## Problem to solve
A word-for-word copy of the data, with no images, is the required answer.
[Provided material — start]
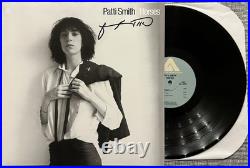 Patti Smith Signed Horses Album Vinyl Easter Wave Rare Beckett Coa
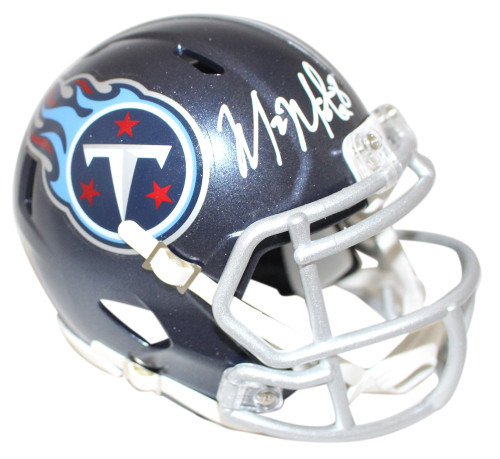 Marcus Mariota Autographed Tennessee Titans Speed Mini Helmet JSA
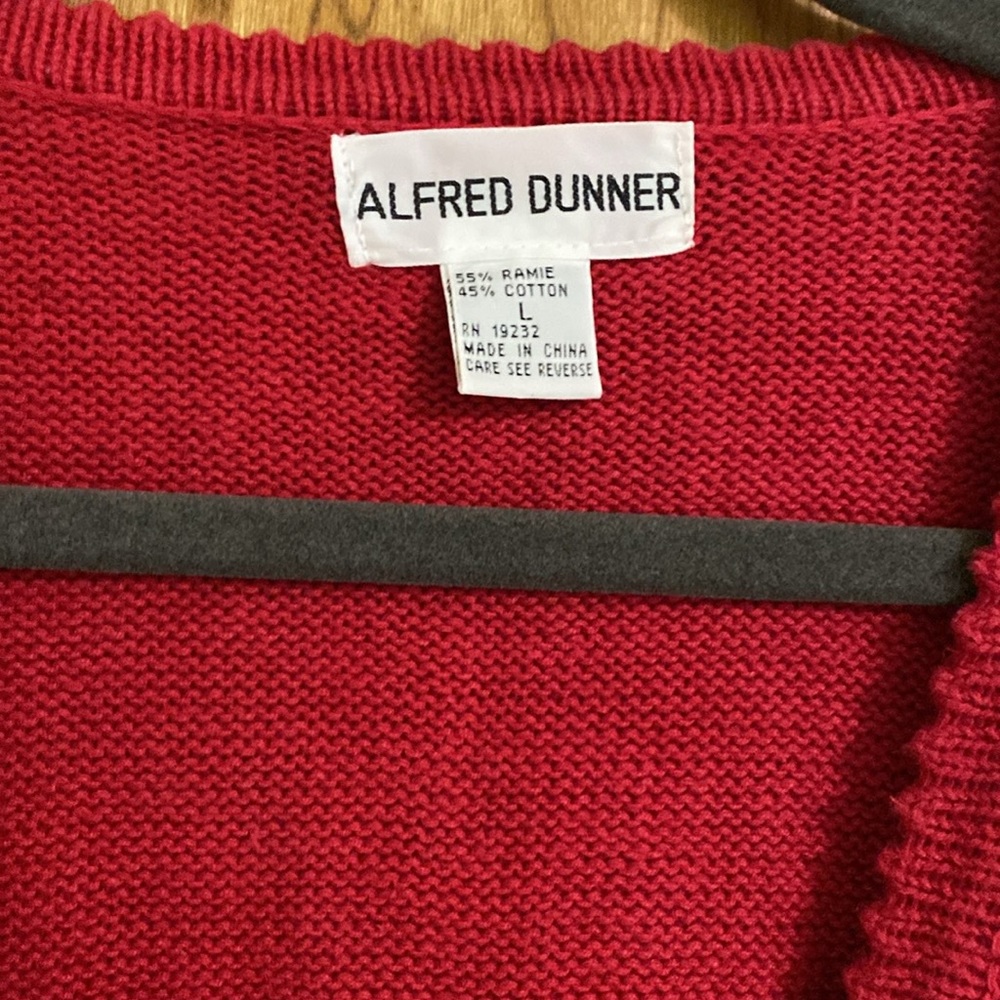 Alfred Dunner Large Christmas  Grannycore Teacher Vest Open knit Vintage Large - Picture 3 of 8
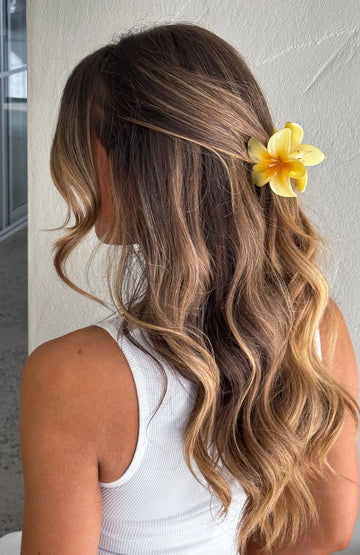 Floral Charm Hair Clip Yellow | Women's Yellow Hair Accessory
[Provided material — finish]
## Reply
 Patti Smith Signed Horses Album Vinyl Easter Wave Rare Beckett Coa
 Marcus Mariota Autographed Tennessee Titans Speed Mini Helmet JSA
 Alfred Dunner Large Christmas  Grannycore Teacher Vest Open knit Vintage Large - Picture 3 of 8
 Floral Charm Hair Clip Yellow | Women's Yellow Hair Accessory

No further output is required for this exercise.